[What you will do] The answer should match the entries below word for word, minus their pictures.

** Opening Data supplied block **

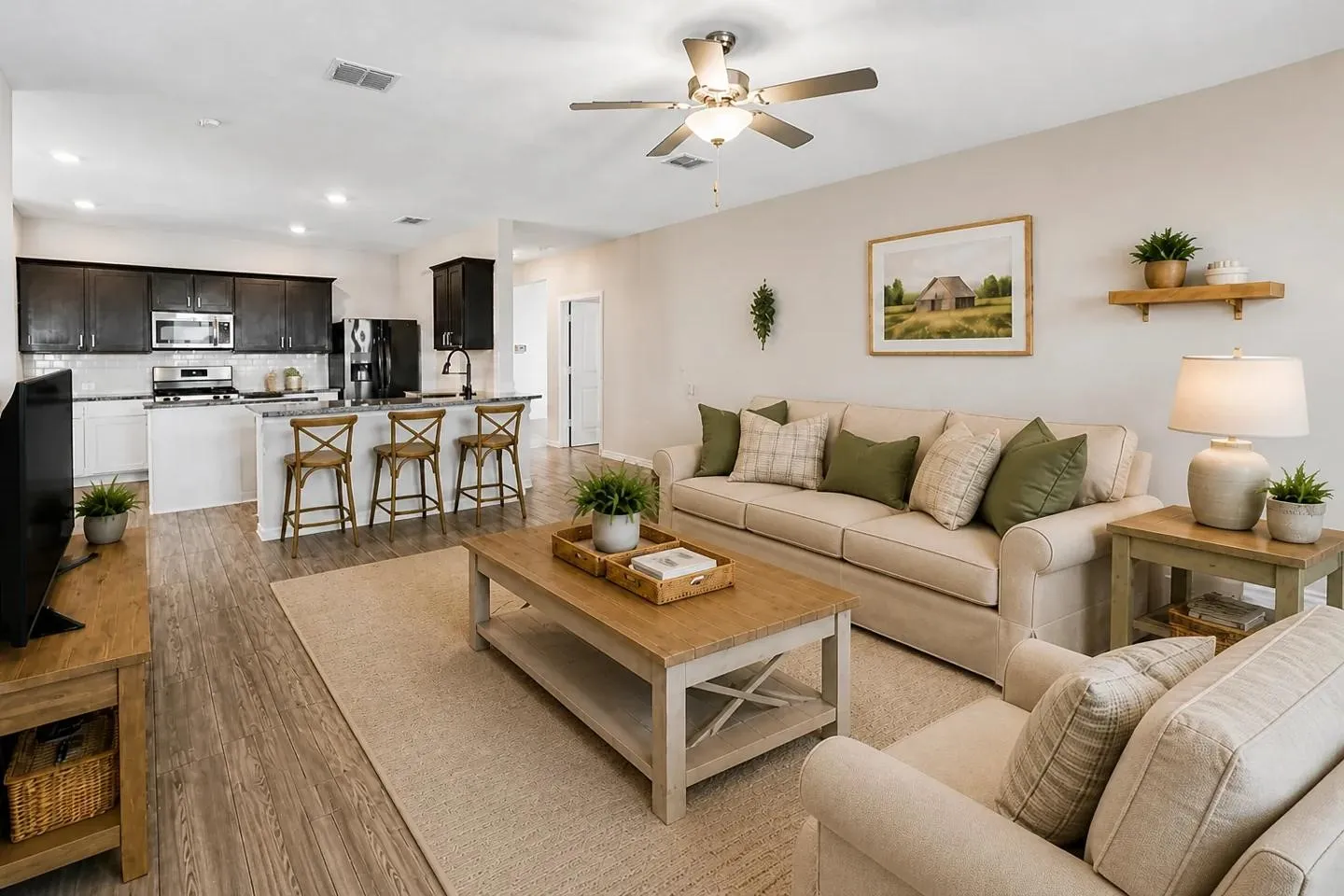 Virtually Staged
concept living space featuring wood-finish flooring, a kitchen island with seating, dark wood cabinetry, and a ceiling fan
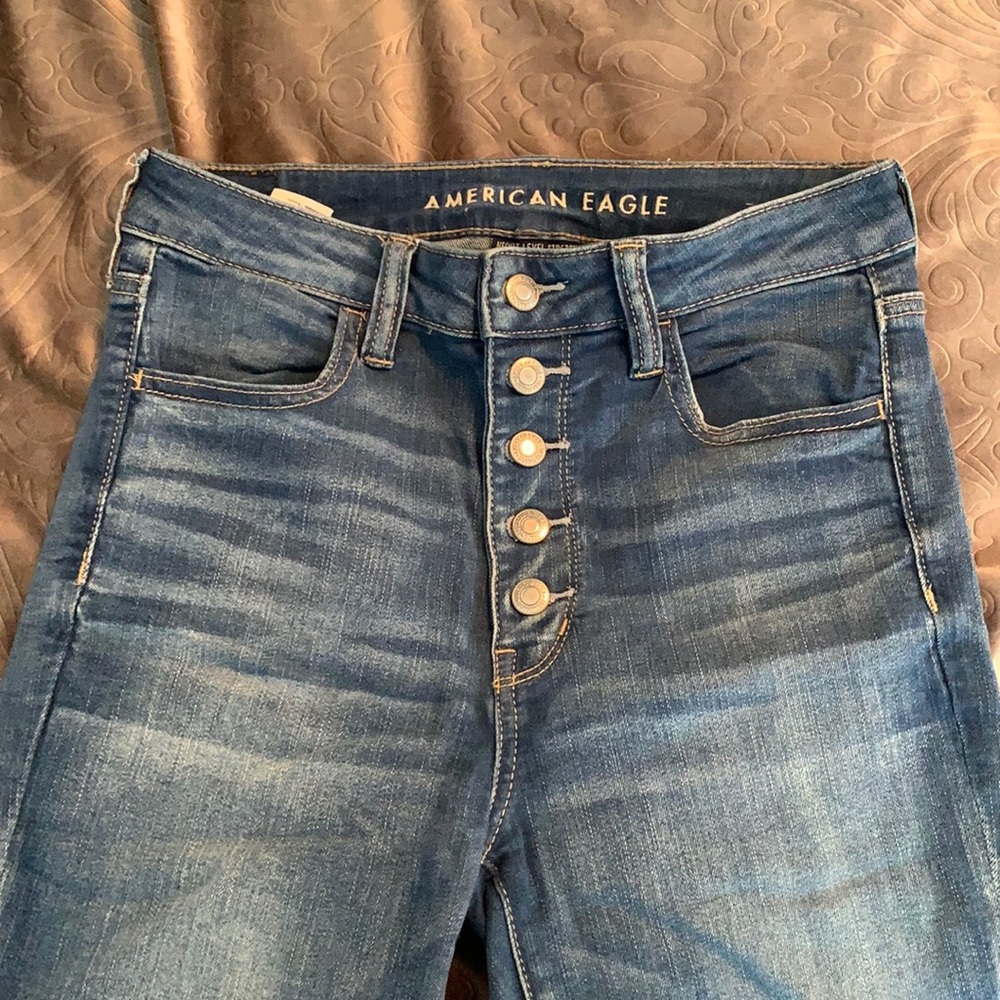 American Eagle Ne(x)t level stretch high waited button up skinny Jean.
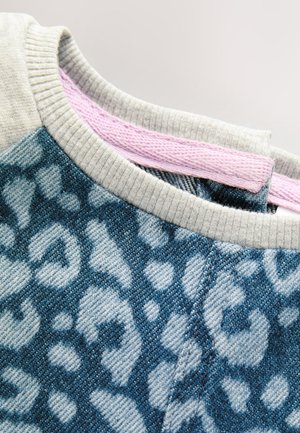 Sweatshirt en denim bleu avec un motif léopard, col côtelé gris et couture intérieure rose en accent. Tissu tissé texturé.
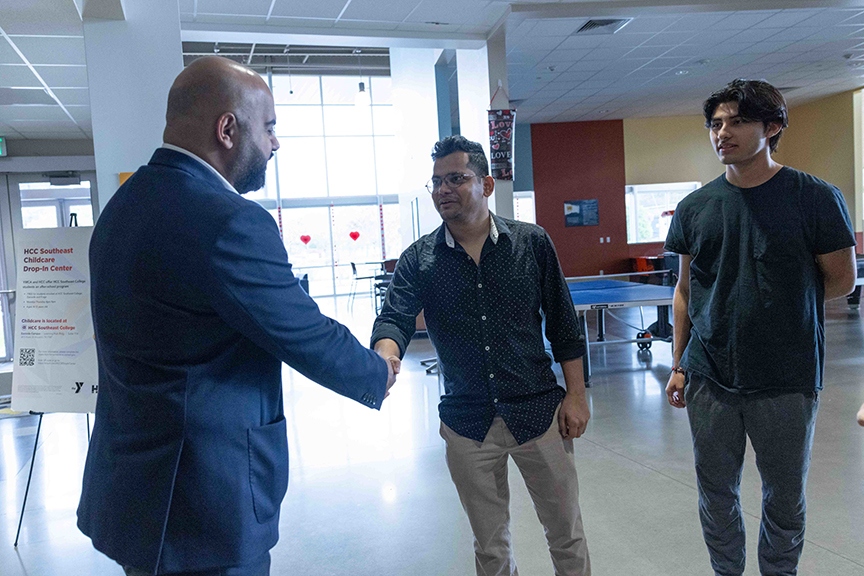 Ahmed Mejairan greets HCC students during his visit.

** Closing Data supplied block **

[Task result]
 Virtually Staged
concept living space featuring wood-finish flooring, a kitchen island with seating, dark wood cabinetry, and a ceiling fan
 American Eagle Ne(x)t level stretch high waited button up skinny Jean.
 Sweatshirt en denim bleu avec un motif léopard, col côtelé gris et couture intérieure rose en accent. Tissu tissé texturé.
 Ahmed Mejairan greets HCC students during his visit.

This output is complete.